Thursday, February 2, 2017

Man between God and the Devil

Heiko A. Oberman.  Man between God and the Devil. Trans. Eileen Walliser-Schwarzbart. New Haven: Yale University Press, 2006.

Heiko Oberman’s biography of Martin Luther describes many challenges for Historians, particularly those working with topics that rely on foreign languages, the distant past, or contemporary political and religious issues.  The study of Luther’s work, life, and impact on the modern world involve all three.  In their own way, all three of these items relate to accuracy in research and understanding of the subject at hand.  The first two items relate to understanding the language and the cultural references that shape Luther the man, his theology, and the European reaction to it.  The third relates to how modern people, including, but not limited to Historians interpret Luther’s life, work, and opposition.

In the preface to the English edition, Eileen Walliser-Schwarzbart addresses the issues of language, translation, and interpretation.  Not only must Historians be at least bilingual in order to perform research, they must also be familiar with facets of those languages easily lost over time or through translation.  Idiom and cultural references change, forcing even Historians who work only in their native tongue to be conversant with the usages of an earlier and alien time.  This issue of cultural bilingualism becomes even more important for Historians who deal with pre-modern systems of belief, as it is easy to ignore or cast off cultural apparatus that are critical to a fundamental understanding of the past.

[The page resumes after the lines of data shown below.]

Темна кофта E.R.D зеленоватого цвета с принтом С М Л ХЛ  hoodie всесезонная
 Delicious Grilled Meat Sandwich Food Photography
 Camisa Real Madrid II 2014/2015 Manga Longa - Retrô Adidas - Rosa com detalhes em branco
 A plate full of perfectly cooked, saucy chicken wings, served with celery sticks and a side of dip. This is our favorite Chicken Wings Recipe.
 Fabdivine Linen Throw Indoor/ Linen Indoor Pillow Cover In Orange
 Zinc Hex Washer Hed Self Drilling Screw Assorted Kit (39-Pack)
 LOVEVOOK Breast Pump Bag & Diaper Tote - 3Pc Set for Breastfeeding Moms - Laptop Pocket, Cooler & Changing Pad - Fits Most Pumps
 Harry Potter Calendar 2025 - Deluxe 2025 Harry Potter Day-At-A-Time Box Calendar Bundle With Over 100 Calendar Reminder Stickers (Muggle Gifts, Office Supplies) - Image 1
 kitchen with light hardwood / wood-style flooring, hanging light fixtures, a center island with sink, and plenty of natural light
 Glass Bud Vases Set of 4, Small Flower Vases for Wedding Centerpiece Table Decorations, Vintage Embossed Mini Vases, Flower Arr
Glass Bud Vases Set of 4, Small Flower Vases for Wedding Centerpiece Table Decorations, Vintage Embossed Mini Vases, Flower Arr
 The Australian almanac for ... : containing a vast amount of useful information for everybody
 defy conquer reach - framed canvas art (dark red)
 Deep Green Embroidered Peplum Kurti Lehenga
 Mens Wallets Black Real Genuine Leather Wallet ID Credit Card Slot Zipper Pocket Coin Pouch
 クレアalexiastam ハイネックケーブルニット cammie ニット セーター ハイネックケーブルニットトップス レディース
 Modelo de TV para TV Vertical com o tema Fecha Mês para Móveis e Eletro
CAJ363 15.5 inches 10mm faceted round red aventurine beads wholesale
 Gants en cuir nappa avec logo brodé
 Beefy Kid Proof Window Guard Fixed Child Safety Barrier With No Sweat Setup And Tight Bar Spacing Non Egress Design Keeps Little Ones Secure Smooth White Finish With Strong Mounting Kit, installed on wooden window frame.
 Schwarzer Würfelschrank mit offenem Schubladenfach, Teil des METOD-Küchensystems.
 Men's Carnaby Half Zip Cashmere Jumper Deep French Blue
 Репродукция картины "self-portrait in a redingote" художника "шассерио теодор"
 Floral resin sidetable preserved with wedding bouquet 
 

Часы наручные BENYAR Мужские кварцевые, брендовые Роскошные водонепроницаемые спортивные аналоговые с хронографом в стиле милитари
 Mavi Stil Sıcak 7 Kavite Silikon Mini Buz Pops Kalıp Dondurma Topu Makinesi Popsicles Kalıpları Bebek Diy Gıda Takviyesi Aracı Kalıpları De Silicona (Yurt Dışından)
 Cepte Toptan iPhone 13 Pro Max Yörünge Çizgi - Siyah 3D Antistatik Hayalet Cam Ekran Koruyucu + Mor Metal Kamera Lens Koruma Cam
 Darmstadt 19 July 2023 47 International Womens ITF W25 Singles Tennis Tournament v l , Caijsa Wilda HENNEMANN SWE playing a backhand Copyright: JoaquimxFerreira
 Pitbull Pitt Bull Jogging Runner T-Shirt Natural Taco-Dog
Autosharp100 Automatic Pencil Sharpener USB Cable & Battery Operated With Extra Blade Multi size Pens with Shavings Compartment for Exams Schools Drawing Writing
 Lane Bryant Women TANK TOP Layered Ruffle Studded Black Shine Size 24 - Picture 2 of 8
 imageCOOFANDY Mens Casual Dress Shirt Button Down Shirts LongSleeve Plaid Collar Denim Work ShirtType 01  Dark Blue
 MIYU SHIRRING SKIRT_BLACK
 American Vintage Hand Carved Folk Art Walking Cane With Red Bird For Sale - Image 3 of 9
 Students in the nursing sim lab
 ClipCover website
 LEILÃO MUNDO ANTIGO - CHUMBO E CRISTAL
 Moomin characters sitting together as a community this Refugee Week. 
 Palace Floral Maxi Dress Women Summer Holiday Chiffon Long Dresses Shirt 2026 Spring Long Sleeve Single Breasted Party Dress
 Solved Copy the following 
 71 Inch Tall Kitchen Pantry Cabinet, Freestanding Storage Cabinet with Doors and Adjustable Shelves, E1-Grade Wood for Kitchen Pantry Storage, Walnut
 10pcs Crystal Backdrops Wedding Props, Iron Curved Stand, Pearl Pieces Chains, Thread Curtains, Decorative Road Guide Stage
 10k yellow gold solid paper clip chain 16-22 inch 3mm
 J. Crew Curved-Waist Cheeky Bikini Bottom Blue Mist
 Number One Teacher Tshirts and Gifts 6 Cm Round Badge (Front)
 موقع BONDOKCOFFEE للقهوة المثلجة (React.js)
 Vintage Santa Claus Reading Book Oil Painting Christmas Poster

In the case of Martin Luther, one example is the “real” presence of Satan, the Devil, in the world working against Christ for dominion of Earth and over the souls of mankind.  Oberman argues that the necessity of showing Luther’s peaceful death through portraiture and witnesses was due to the belief that the Devil suddenly cut the lives of his rightful prey short, and that the pain and fear of death marked their faces.  Oberman further argues that Luther’s frequent references to the Devil and the Anti-Christ in his work was not mere rhetoric, but a genuine belief that the enemy of Christ and Christians was working in the world to seduce people away from the true path.  The imminent approach of the Millennium, Christ’s return to Earth and the climactic battle between good and evil drove Luther’s work, and this all-important issue drove Luther in his efforts to better the church.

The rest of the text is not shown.